Syncing Asks
Backfilling - Introduction
Backfilling refers to the retrieval of historical asks data. This recursive process begins with an initial request sent to the asks API. With each response, you will receive a "continuation" token, which you append to your next request. This enables you to paginate through the results, moving forward in time with each request until you reach the asks data for the present day.

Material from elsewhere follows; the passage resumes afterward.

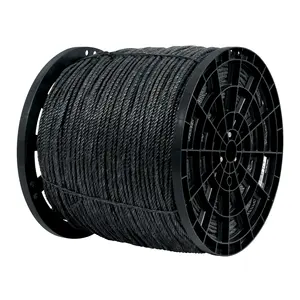 กล่องเชือกโพลีโพรพิลีนสีดำ 20 กิโลกรัม ขนาด 6 มม. ม้วนละ 20 กก. - Product Image 1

To get started an the checkout the example request below:
curl --request GET \
--url 'https://api.reservoir.tools/orders/asks/v5?includeDeleted=true&sortBy=updatedAt&sortDirection=asc&limit=1000' \
--header 'accept: */*' \
--header 'x-api-key: demo-api-key'
Parameter | Description |
---|---|
sortBy=updatedAt | This parameter orders the results by their updatedAt date |
sortDirection=asc | This parameter sorts the results in an ascending manner |
limit=1000 | This parameter increases the count of results to return |
status=active | This parameter ensures that only active orders are returned. E.g Not Expired/Cancelled |
When you receive a response, it should resemble the following structure:
{
"orders": [], //... array of orders data
"continuation": "" // Continuation token to paginate,
}
The continuation property in the response is key to this process. You append this value to your next query and send the request again. This returns the next set of asks/bids data. Continue this procedure of appending the continuation token and sending requests until a response comes back without a continuation token. The absence of a continuation token indicates that you've fetched all the available data up to the present moment, completing the backfilling process.
Backfilling - Advanced Optimizations
Optimizing Data Storage
Storing all of the asks can lead to substantial data volume, potentially resulting in high database costs. To alleviate this issue, you can implement client-side filtering using contracts to exclude irrelevant data. This can be achieved by using the contract ID parameter of the returned ask and then selectively storing the data based on whether you care for that particular contract or not.
Parallel Data Processing
Reservoir's asks table contains an extensive number of records. Sequentially paginating through each request would entail a prolonged duration. To mitigate this, the Asks API introduces two supplementary query parameters: startTimestamp, endTimestamp.
The startTimestamp and endTimestamp parameters are designed to partition the data into smaller segments that can be processed concurrently by your system design. The Reservoir Sync Node, a TypeScript project, showcases the utilization of these parameters. It employs startTimestamp and endTimestamp to segregate data into monthly and daily intervals.
Prior to incorporating these parameters, you must layout how you will segment the data. For the sake of this guide, we'll partition the data into monthly sets (The Reservoir Sync Node illustrates data segmentation into both monthly and daily intervals). We'll be sending this request to the Asks API, however the logic is exactly the same for Orders.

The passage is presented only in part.